From the linked source:

...At dawn on Dec. 21, two understrength companies and a half-squadron of Three Rivers Regt. tanks moved cautiously up the main street towards the first of three large public squares. By mid-afternoon the advance had slowed to a halt, and Hoffmeister sent a company of Seaforths to help. The next morning it was apparent the German resistance had stiffened and Hoffmeister committed the balance of the Seaforths, assigning each battalion to half the town.

The Canadians now fought for Ortona house by house, often fighting from the top floor down. They used a “mouse-holing” technique–blasting through walls, lobbing grenades through the gaps and then using more grenades to move down the stairs. Here the Canadians wrote the book on street-fighting. After the war, former Seaforths commander Colonel S.W. Thomson recalled that the standard training film for British and Commonwealth forces, Fighting In Built-up Areas, was based on interviews with Seaforth and Edmonton veterans.

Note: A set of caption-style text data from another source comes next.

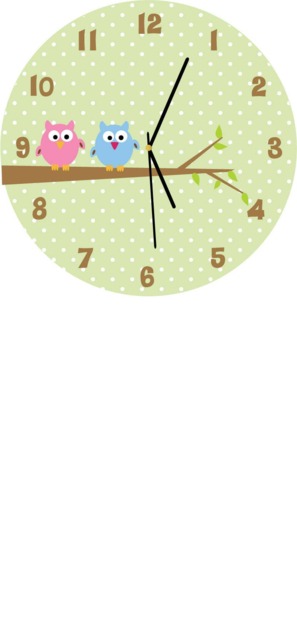 Owls Wall Clock - Green Background With Polka Dots - image 1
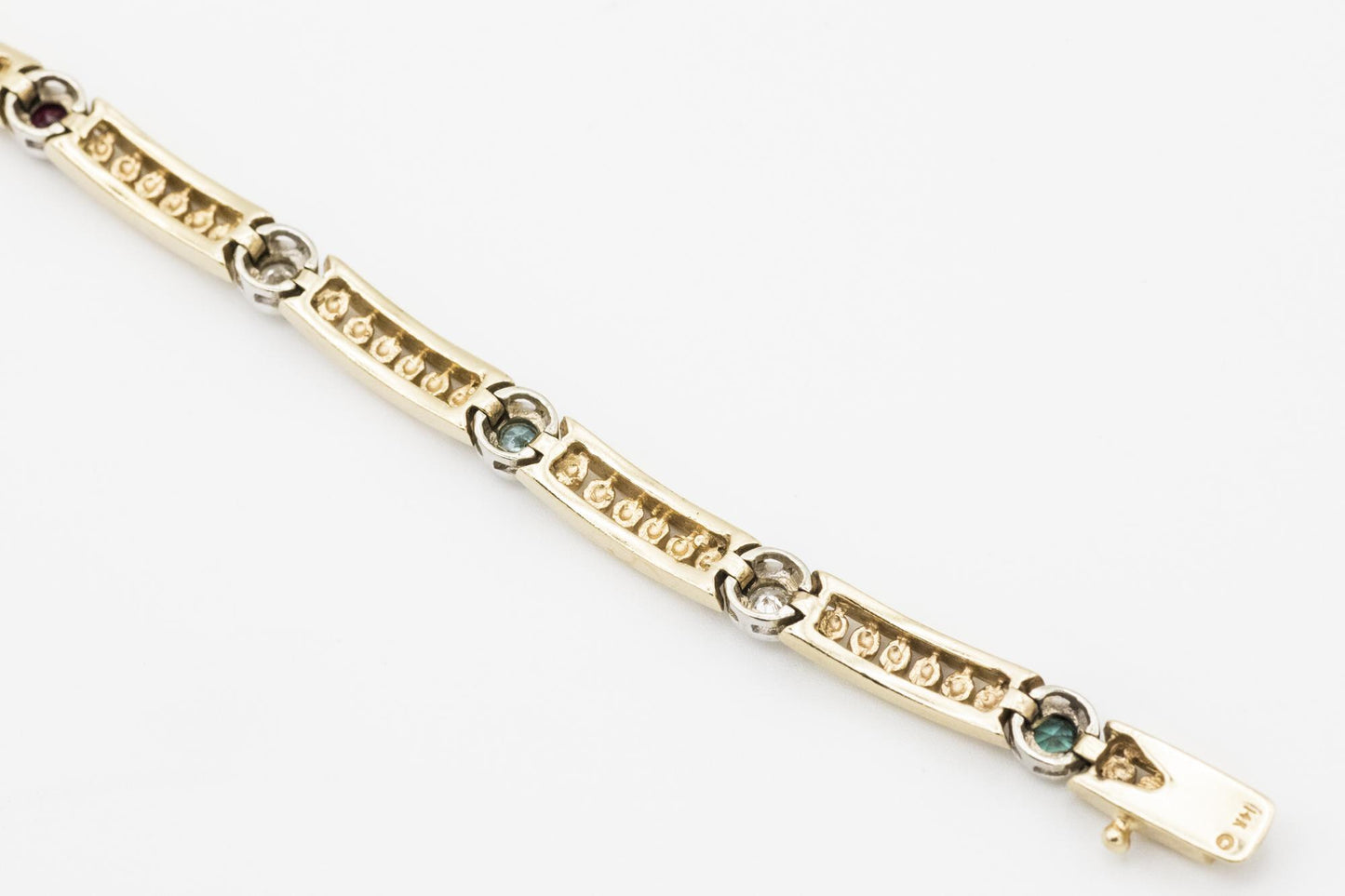 Fabulous 14K Diamond, Ruby, Citrine, Topaz, & Aquamarine Bracelet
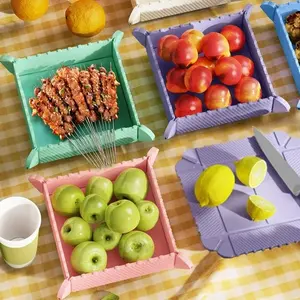 1PCS Magnetic Collapsible Camping Bowl — Reusable Silicone Camping Dish; a Magnetic Folding Plate Ideal for Parties, Camping, and Hiking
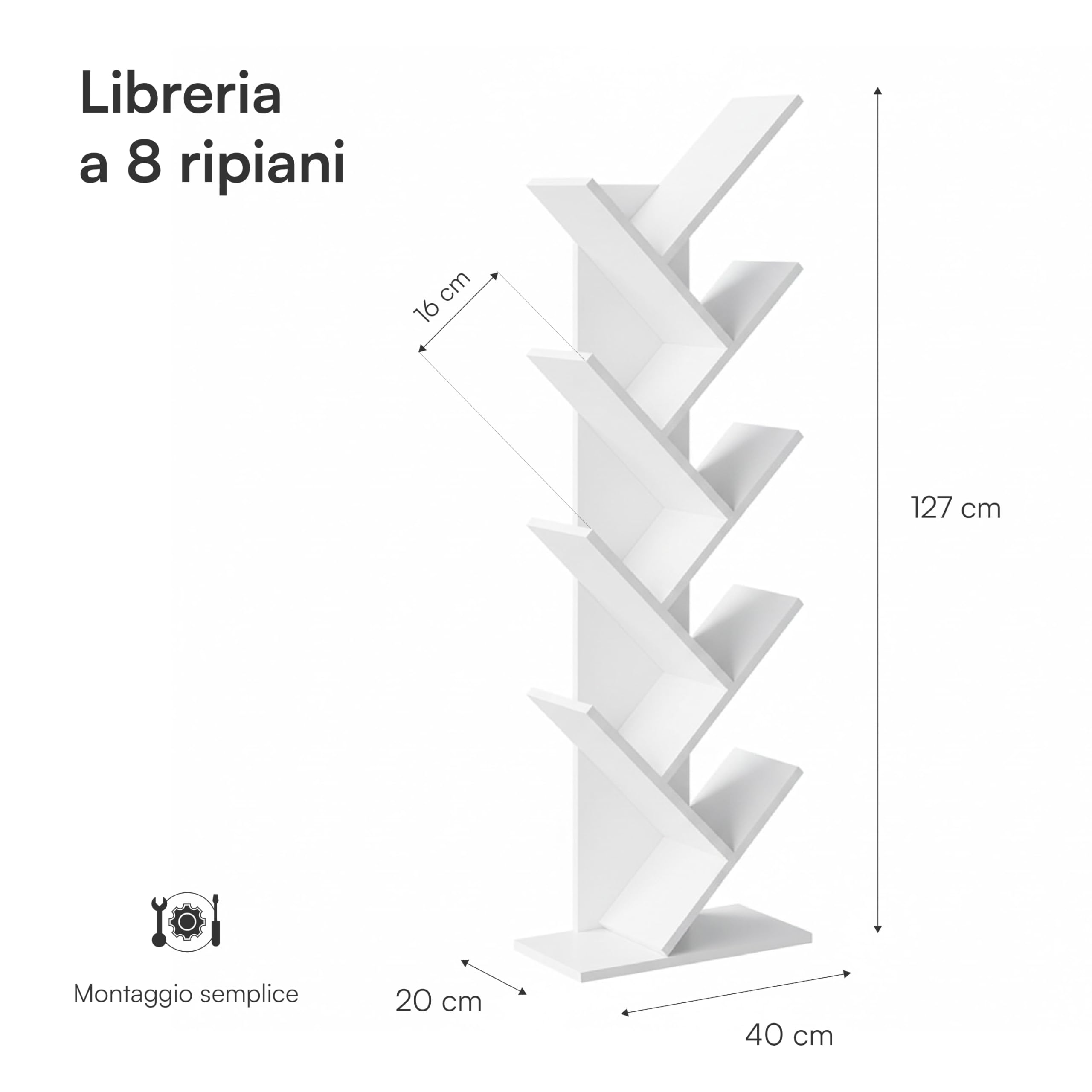 Baroni Home Libreria Albero 8 Ripiani Bianca 20x40x127 cm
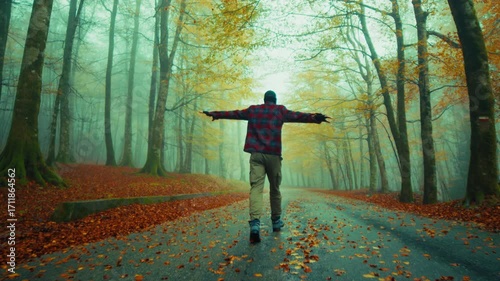 Happy Man Running In On The Street In The Autumn wood 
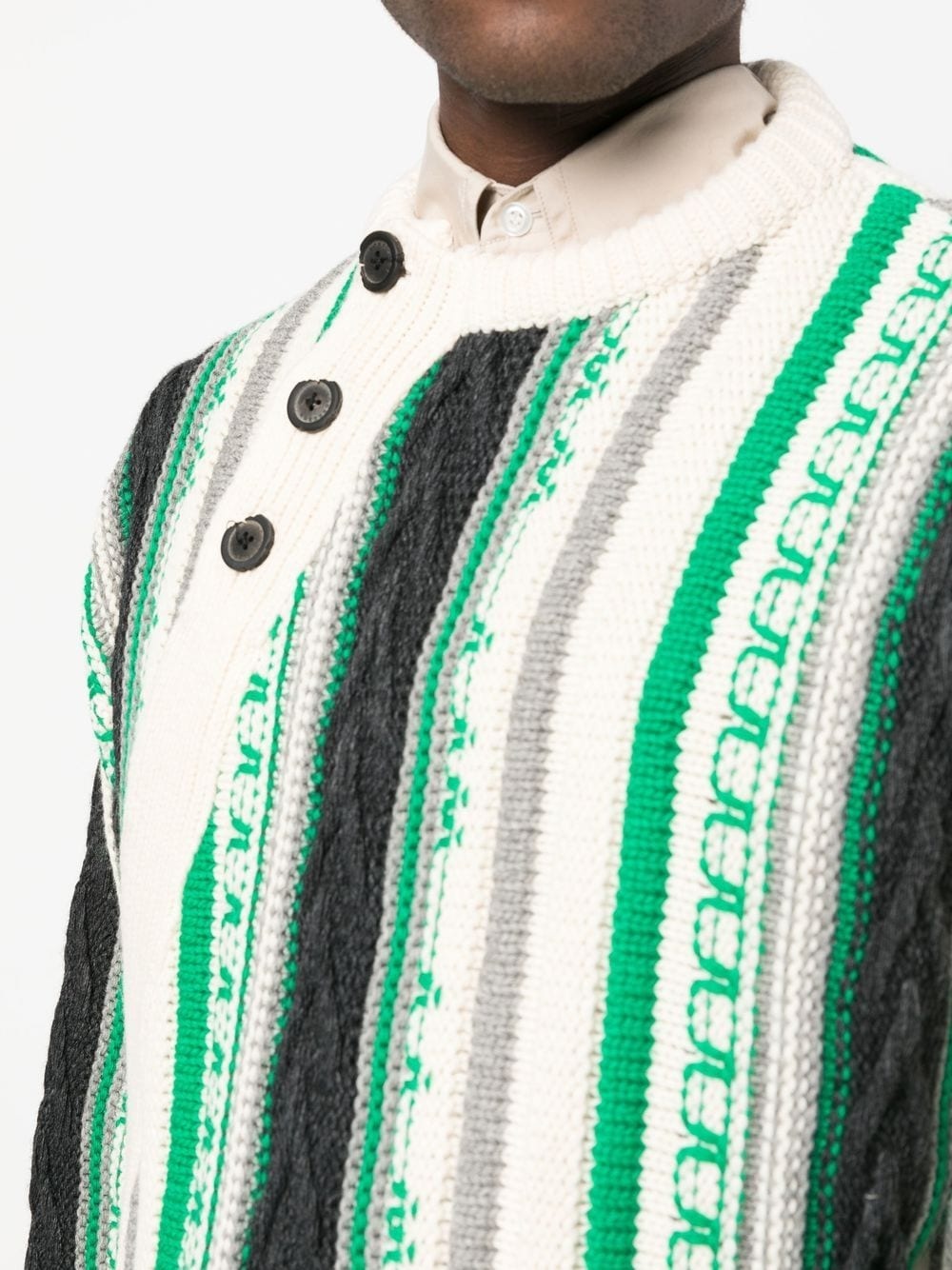 Frema striped-knit buttoned jumper - 6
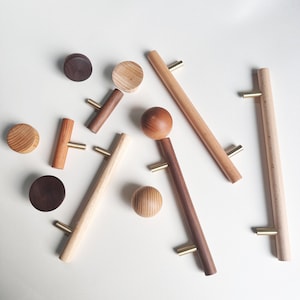 Solid wood cabinet pulls, Wood drawer knobs handles, walnut wood door pulls, brass cabinet knobs pull, kitchen handke knob, wooden door pull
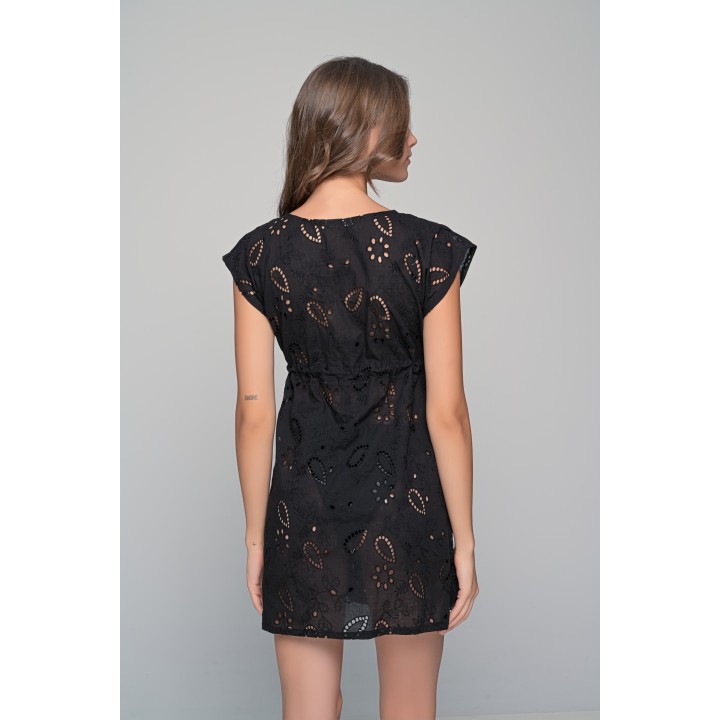 Καφτάνι Βαμβακερό Κιπούρ - Μαύρο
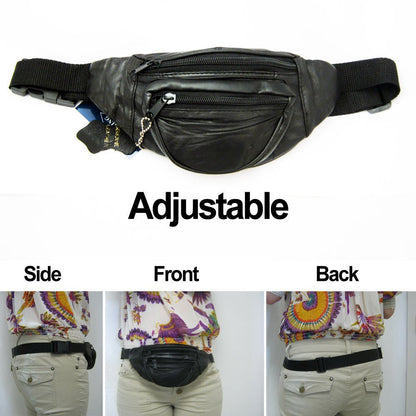 Leather waist pack bag pouch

War correspondents anxious to cover the last phase of a month-long campaign arrived in Ortona and quickly revised their initial optimistic reports. Ortona became “little Stalingrad” as radio journalist Matthew Halton and reporter Ralph Allen wrote feature stories on the battle. Christopher Buckley, a British correspondent whose beautifully written 1945 book The Road To Rome should be reprinted, insisted “a painter of genius, Goya perhaps” was needed to record the poignant images of Ortona. In one “half-darkened room,” he wrote, “there were five or six Canadian soldiers, there were old women and there were innumerable children. The children clambered over the Canadian soldiers and clutched them convulsively every time one of our anti- tank guns fired down the street…. Soon each of us had a squirming, terrified child in our arms.”

Most of the vets I knew as a B.C. boy in the ‘40s and ‘50s were Seaforth Highlanders. In 1973 I worked in the bush with such a man who had five exit wounds the size of hen’s eggs from German machine-gun fire in that battle across his upper back. He was agile as a cat and strong as a bear...

Every day is Remembrance Day to me - God bless them all!


9 posted on 12/30/2013 9:50:55 AM PST by headsonpikes (Mass murder and cannibalism are the twin sacraments of socialism - "Who-whom?"-Lenin)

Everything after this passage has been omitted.